Exercise aim:
Copy the material below verbatim from the line with "Welcome to the" to the line with "Hi everyone, this", both lines included, omitting pictures and every line outside that range.

Material provided:
Content starts

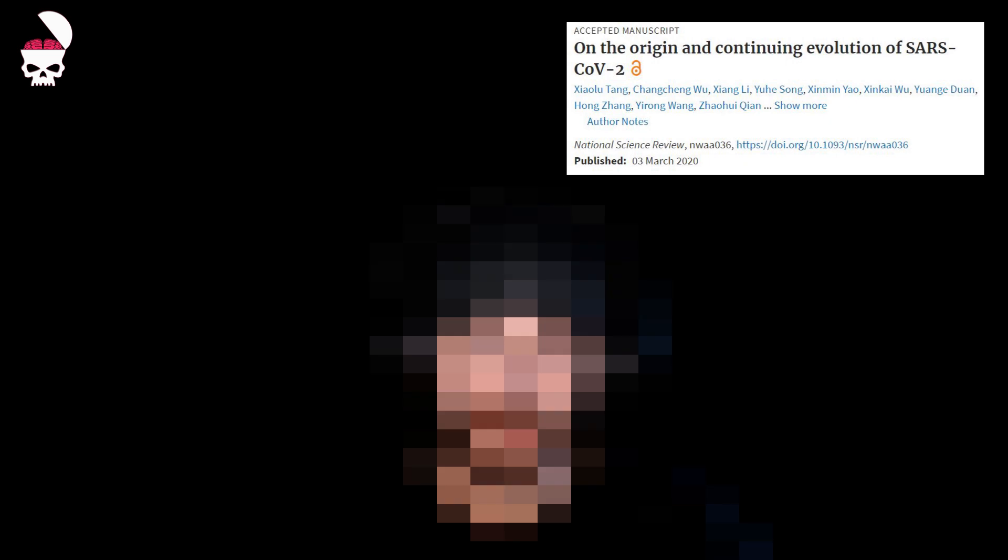On March 3rd, Chinese scientists published a study on the origin and continuing evolution of SARS-CoV-2.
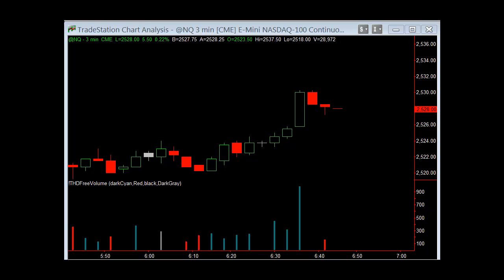Welcome to the Traders Help Desk Online Video Collection. In this video, I'm going to discuss the difference between the indicators and why we would need more than just volume on the chart so that we can read where price is going.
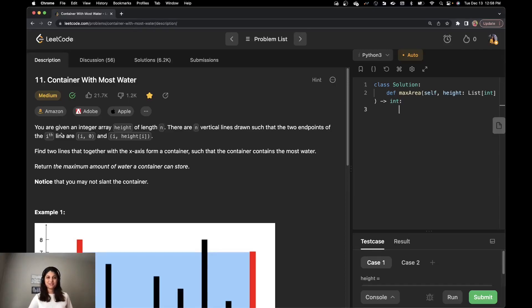Hi everyone, this is Raveena. Welcome back to Sutter Coder. Today we are going to talk about problem number 11, which is Container With Most Water.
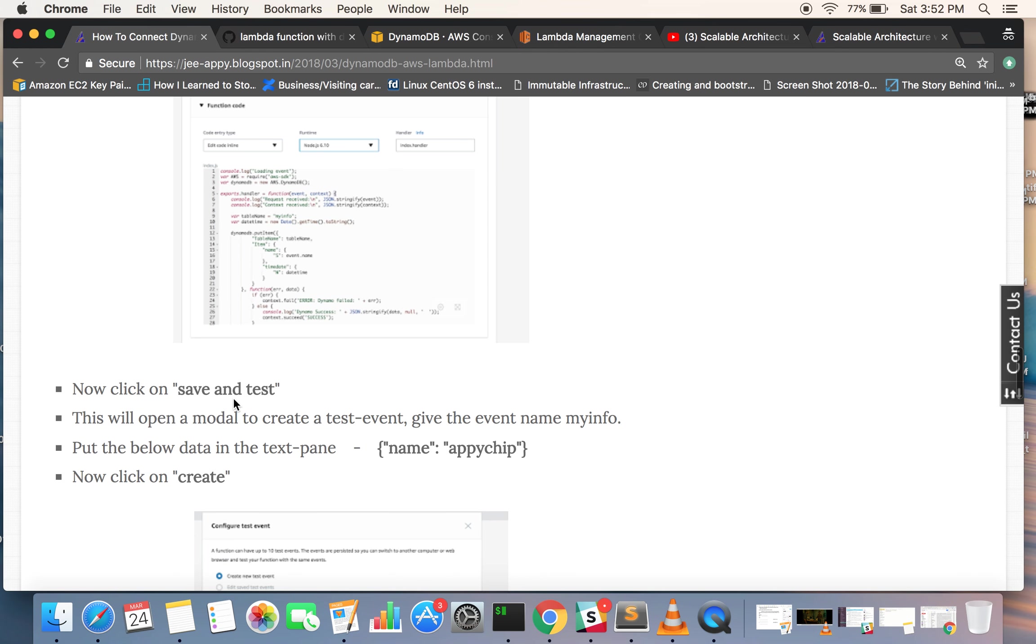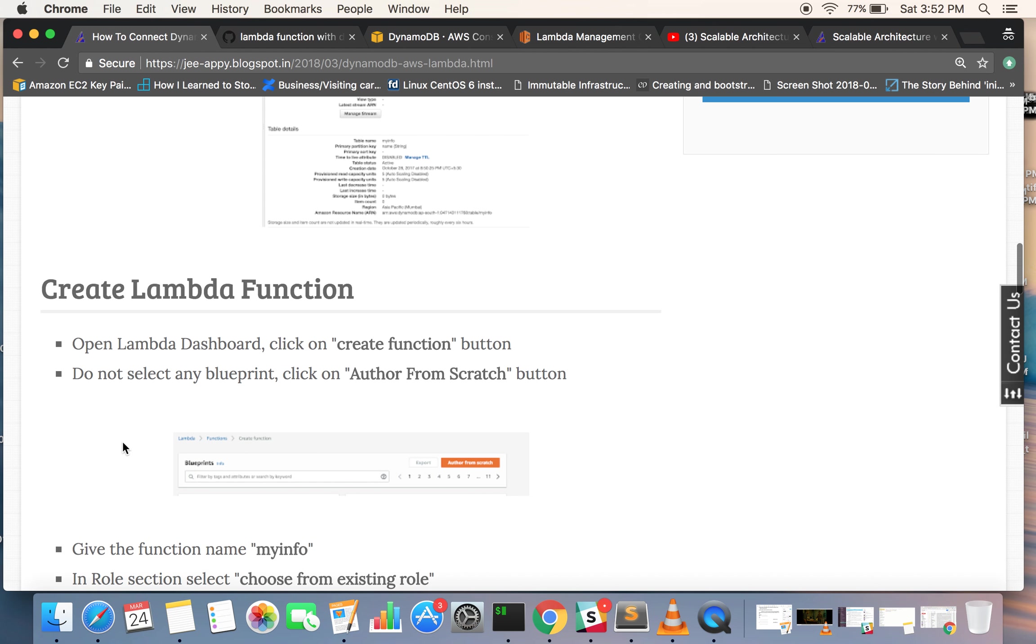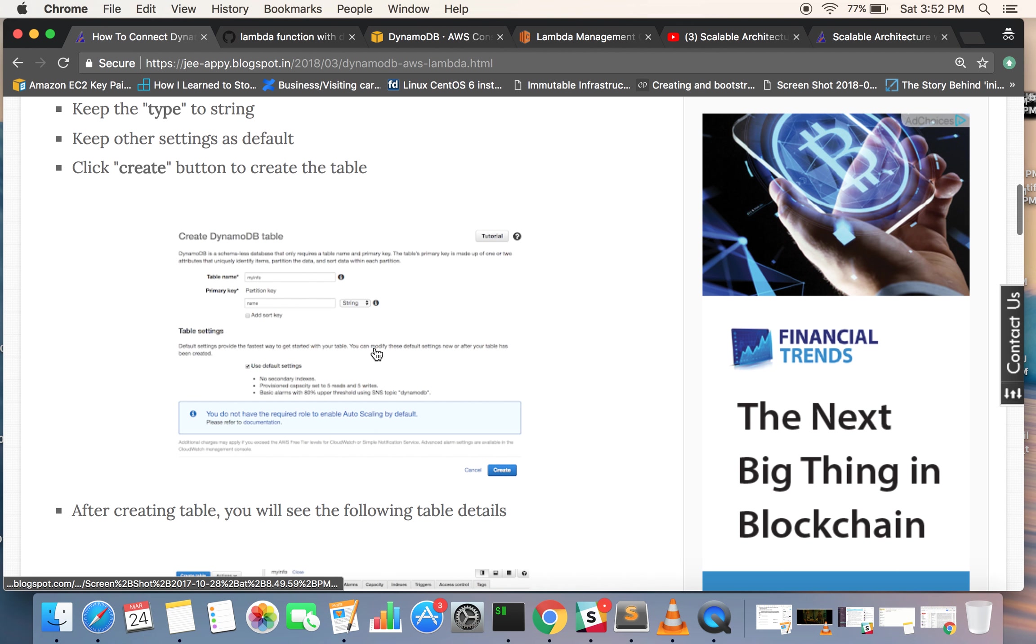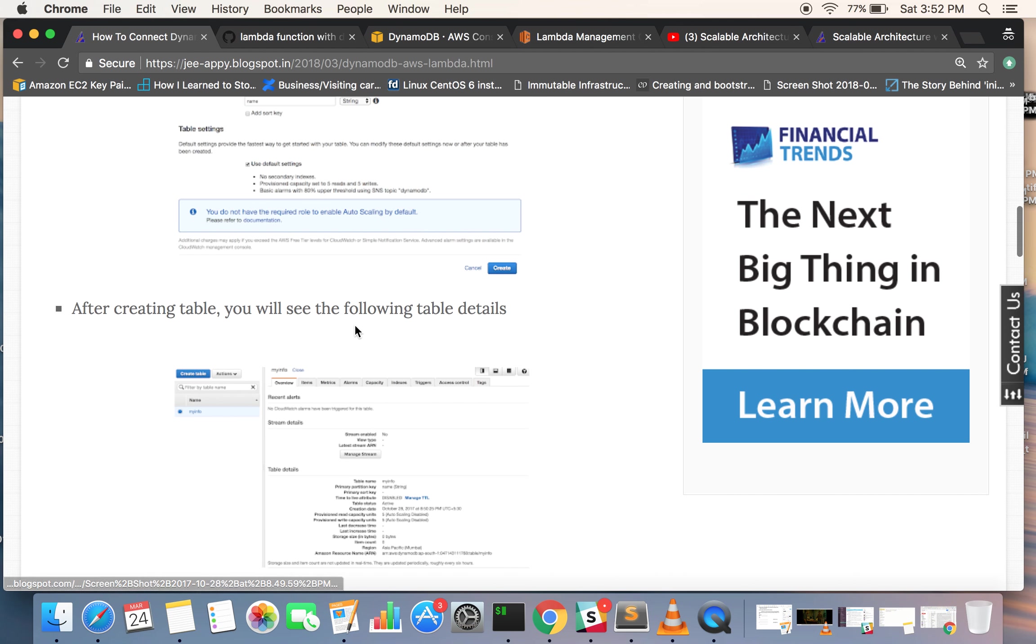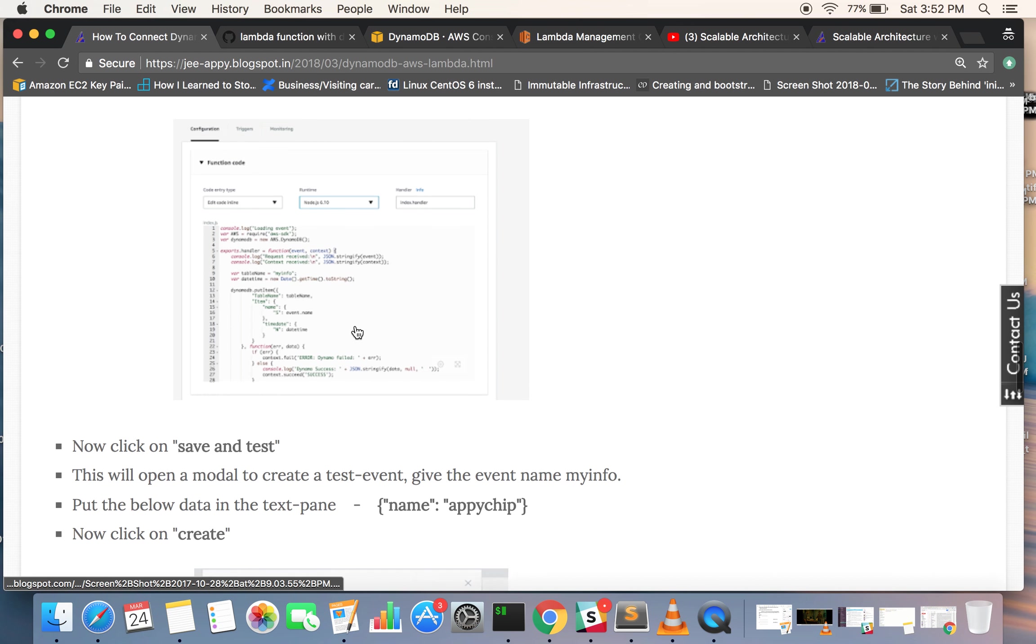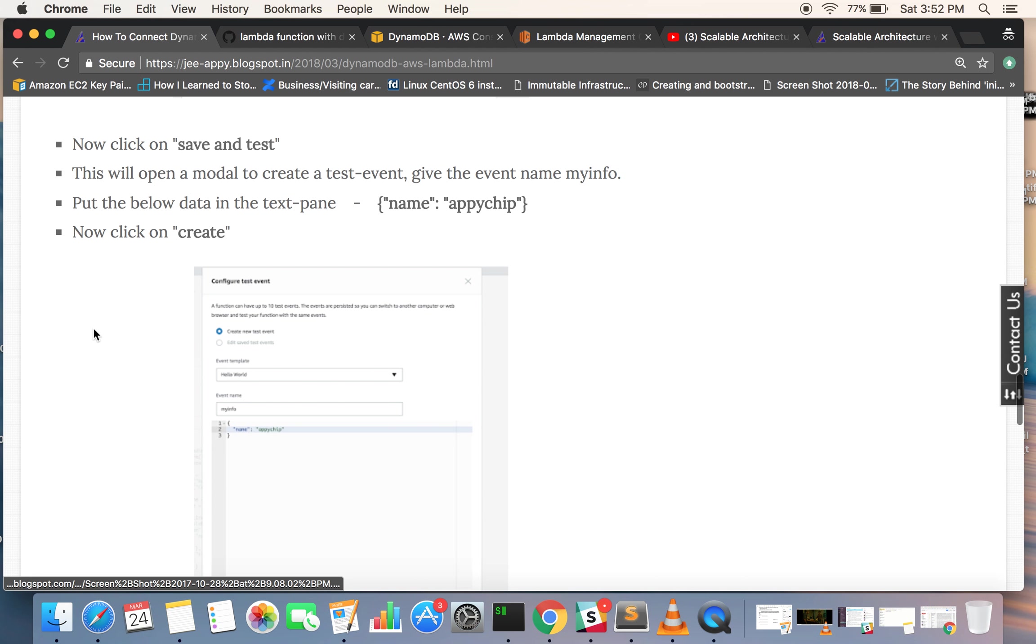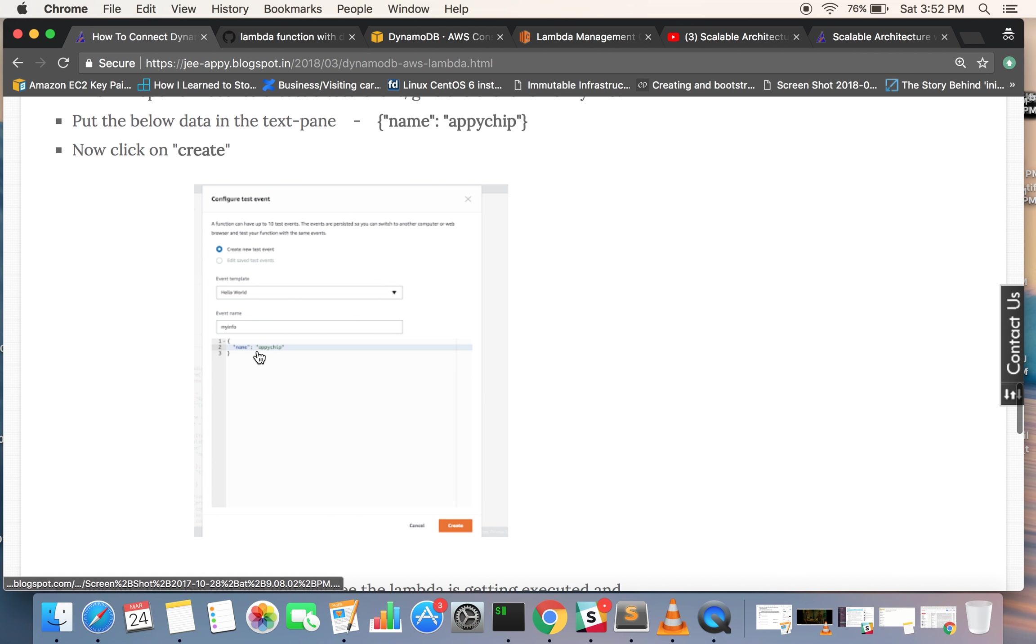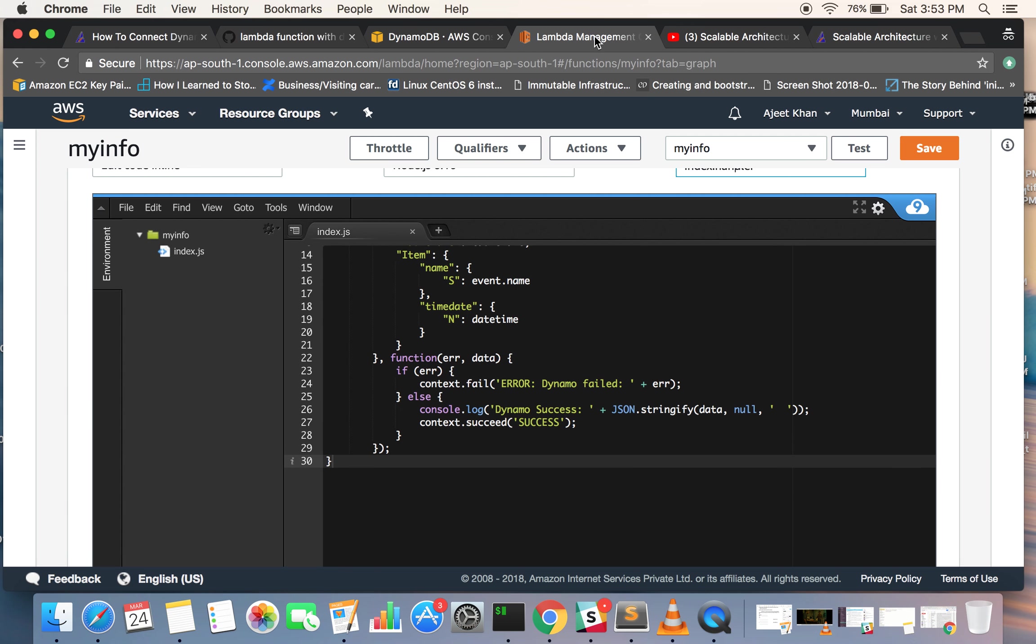So we can save this and then we can try it out. I have put images as well here so you can just look at these and get started. After clicking on create, we will be passing a sample event. We will be creating a test event. You can name it anything. We have named the event name 'myinfo' and we are passing name. Let's go ahead and try this out.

Content ends

Response to this task:
Welcome to the Traders Help Desk Online Video Collection. In this video, I'm going to discuss the difference between the indicators and why we would need more than just volume on the chart so that we can read where price is going.
Hi everyone, this is Raveena. Welcome back to Sutter Coder. Today we are going to talk about problem number 11, which is Container With Most Water.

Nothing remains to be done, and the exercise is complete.